Work required: Nothing outside the range is wanted. Repeat exactly the lines below from the one with "Durante la presentación" through the one with "Sezení na střešní zahradě".

Data shown:

____________

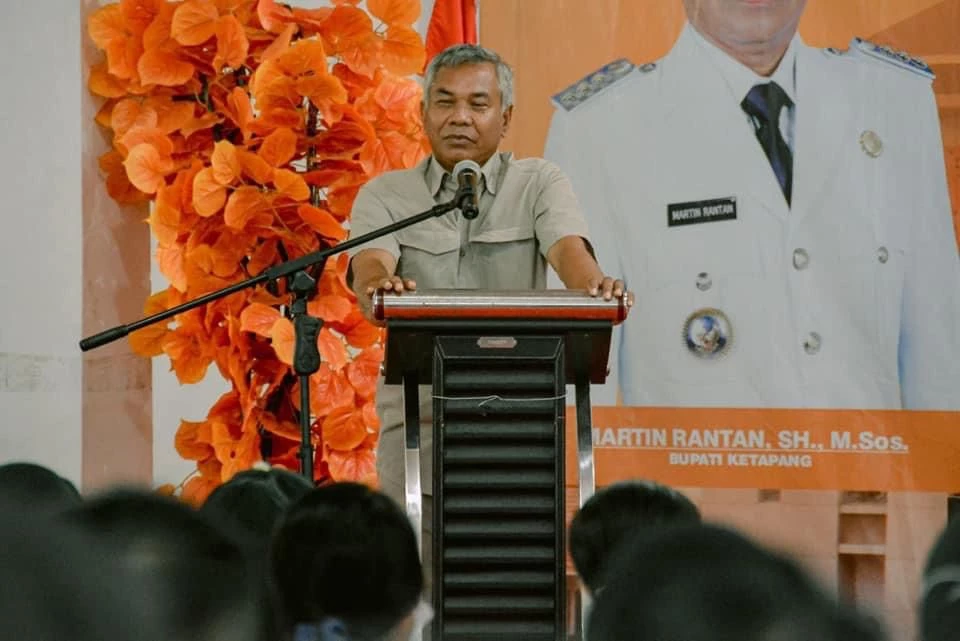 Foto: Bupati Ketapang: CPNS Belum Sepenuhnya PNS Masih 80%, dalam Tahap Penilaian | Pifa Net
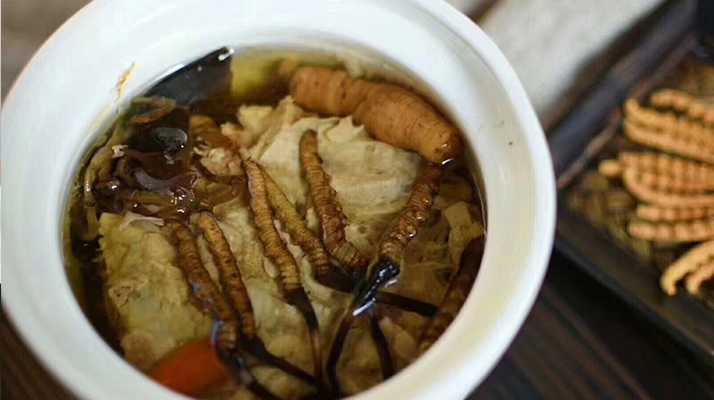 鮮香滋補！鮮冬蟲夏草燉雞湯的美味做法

____________

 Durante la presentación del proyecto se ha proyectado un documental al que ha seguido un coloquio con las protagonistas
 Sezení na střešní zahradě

____________

Answer box:
 Durante la presentación del proyecto se ha proyectado un documental al que ha seguido un coloquio con las protagonistas
 Sezení na střešní zahradě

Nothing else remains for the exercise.